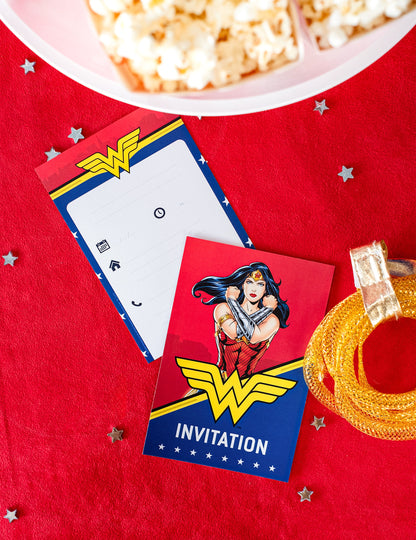 8 meghívó a Wonder Woman 10x16cm borítékokkal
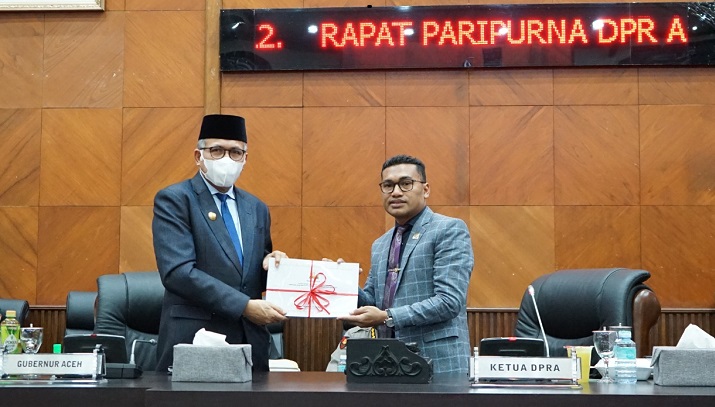 Rapat Paripurna Penyampaian LKPJ Tahun Anggaran 2021 pada DPR Aceh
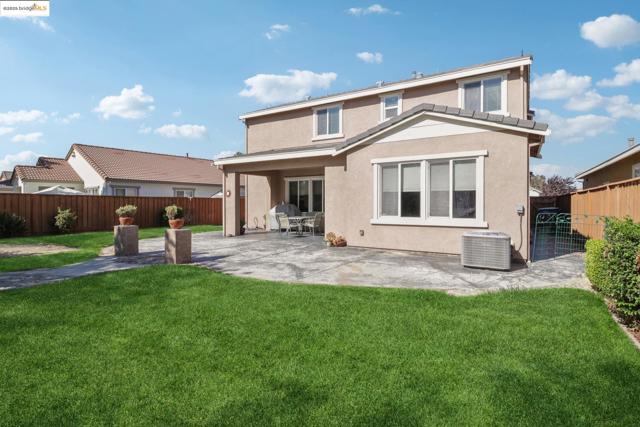 124 Clear Lake Ct, Oakley CA: https://media.crmls.org/mediaz/fefc5679-bdc7-4f5d-aa89-eb66e80ee875.jpg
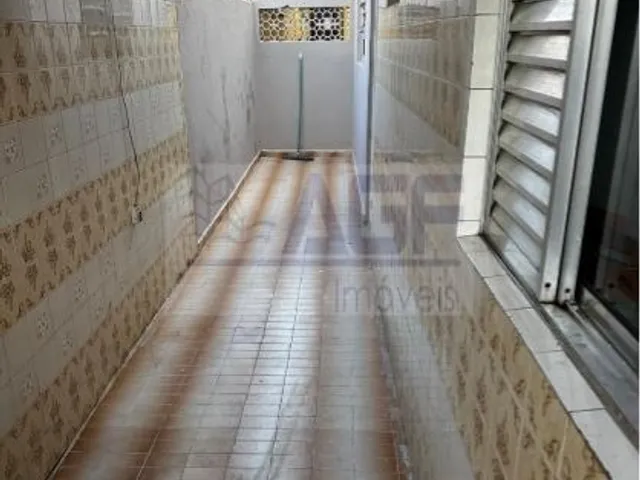 Casa para alugar, no bairro Jardim Miriam em São Paulo
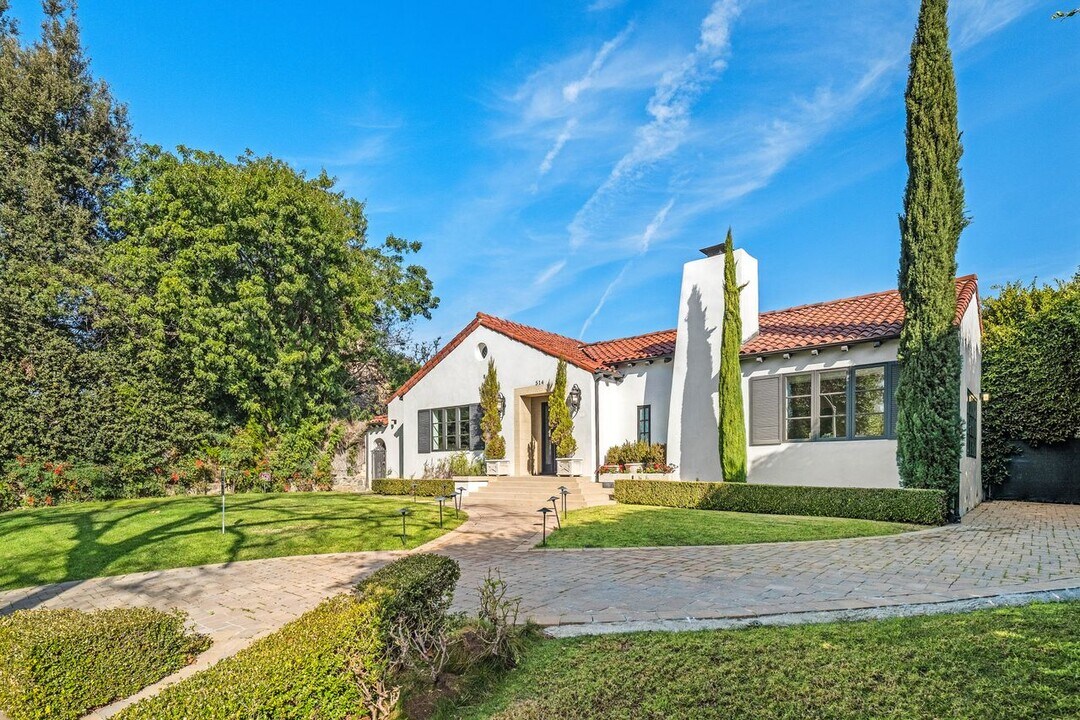 514 Walden Dr in Beverly Hills, CA - Foto de edificio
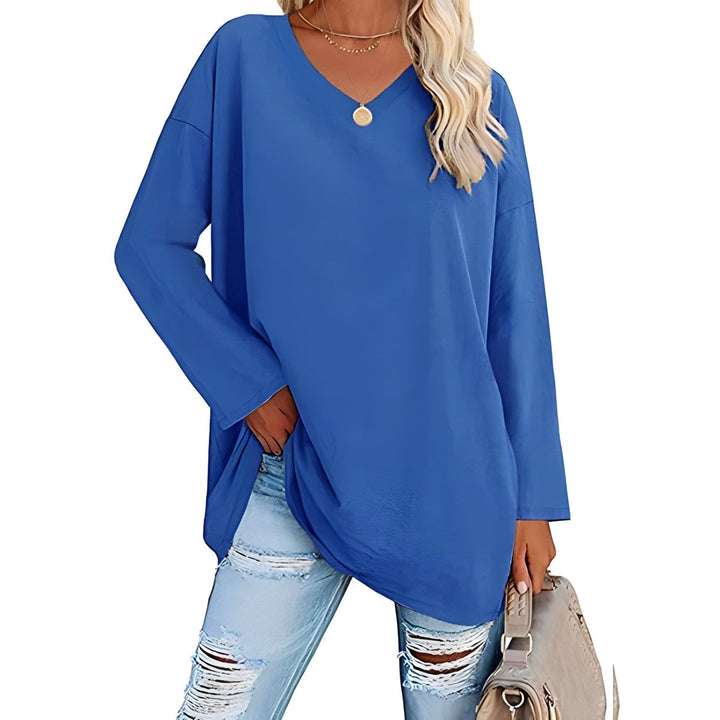 Long-sleeved jumper with V-neckline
------------------------
Work required: Begin with the line that contains "124 Clear Lake" and copy every line through the end of the listing, exactly as written, both ends included. Pictures are not part of the copy.

Response for this exercise:
 124 Clear Lake Ct, Oakley CA: https://media.crmls.org/mediaz/fefc5679-bdc7-4f5d-aa89-eb66e80ee875.jpg
 Casa para alugar, no bairro Jardim Miriam em São Paulo
 514 Walden Dr in Beverly Hills, CA - Foto de edificio
 Long-sleeved jumper with V-neckline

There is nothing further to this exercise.